Data below:
---

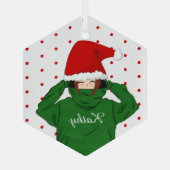 Niedliches Mädchen mit Grünen Weihnachtsmannmütze Ornament Aus Glas (Rückseite)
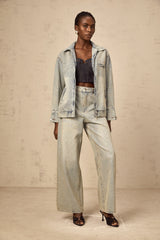 Irina light-blue rhinestone denim matching set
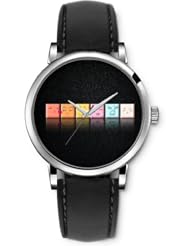 SPRAWL Aanalog Fashion Series Silver Ladies Watches of Genuine Black Leather Strap,Unique Wrist Watch for Women Girls Designed with different faces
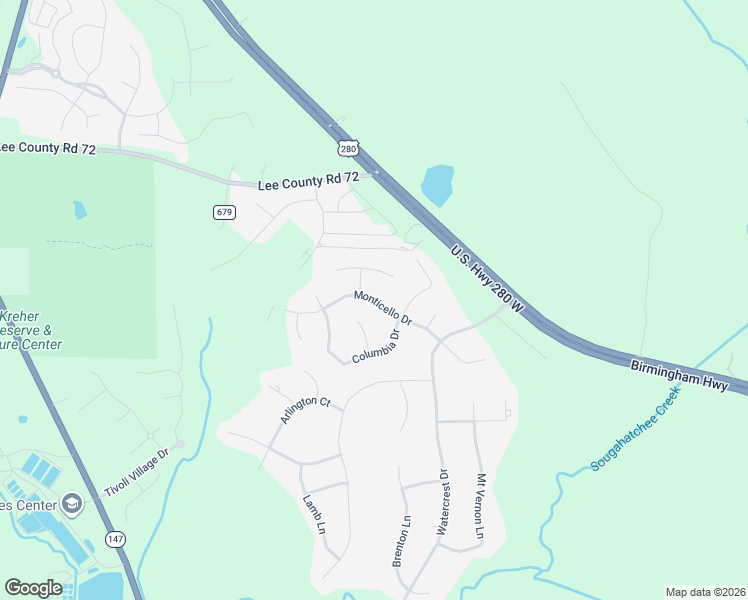 map of restaurants, bars, coffee shops, grocery stores, and more near Monticello Drive in Auburn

---

Work to be completed: Repeat, exactly and only, the lines from the one containing "Irina light-blue rhinestone" through the final line of the data, both ends included, leaving out any picture.

Answer box:
 Irina light-blue rhinestone denim matching set
 SPRAWL Aanalog Fashion Series Silver Ladies Watches of Genuine Black Leather Strap,Unique Wrist Watch for Women Girls Designed with different faces
 map of restaurants, bars, coffee shops, grocery stores, and more near Monticello Drive in Auburn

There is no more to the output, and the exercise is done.